Determining the influence of diet and the gut microbiome in preterm infant health and disease

Preterm infants born <32 weeks gestation are 'immature' physiologically, anatomically and immunologically. Around 10% will develop necrotising enterocolitis (NEC), an inflammatory mediated bowel disease and 20% will develop late onset sepsis. Abnormal gut microbiome development and diet are integral to pathogenesis of both diseases.
Breast milk contains a range of components that can modulate microbiome development, including an abundance of human milk oligosaccharides (HMOs), which can act as growth substrates for probiotic bacteria.
The project will be based on preterm infant health and disease, but within this area there is flexibility in what the student can focus on, which can be modified as the project progresses.
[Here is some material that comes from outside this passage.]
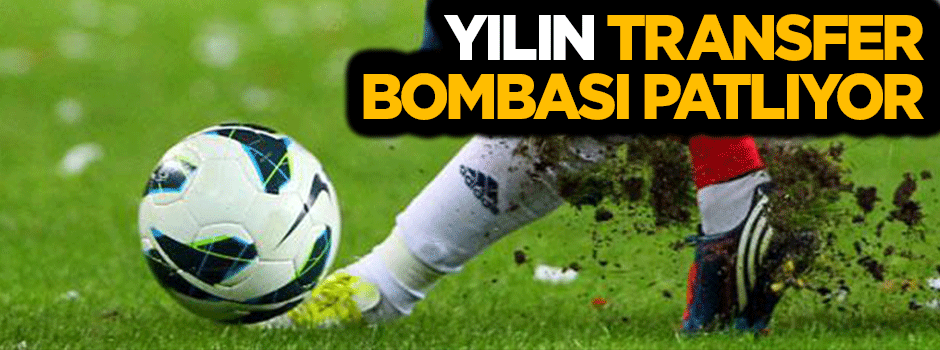 Edin Visca Fenerbahçe yolunda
Some key objectives are likely to include:
1) Investigate the influence of maternal milk or donor milk on the preterm gut microbiome and risk of developing NEC and/or late onset sepsis

2) Experimentally test how mothers own milk, donor human breast milk, and preterm formula impact host function using a tissue-derived organoid model that recapitulates the preterm gut epithelium

3) Determine if novel therapeutics can modulate the preterm gut microbiome and host function toward a state associated with health


The student will work closely with academic and clinical supervisors and will have access to the Great North Neonatal Biobank, containing >10,000 breast milk and >30,000 preterm stool samples. They will perform metagenomic sequencing to longitudinally profile the microbiome in these important samples, alongside directly microbiological culture of bacterial isolates. The student will also establish preterm tissue-derived organoids (i.e., enteroids) from resected tissue, and use these to test how the different dietary components impact host function at the epithelial surface under a physiologically relevant oxygen gradient. This will include co-culture of donor milk, formula, and breast milk, as well as specific components including HMOs and bacterial species previously isolated.
The clinically focused work incorporates both discovery and translational aspects. During the course of this interdisciplinary project, the student will gain a wide range of relevant experience in wet-lab techniques such as microbiology, molecular biology, tissue culture, transcriptomics (host), metatranscriptomics (bacteria), alongside computational skills including the bioinformatic and statistical analysis of large multi-omic datasets.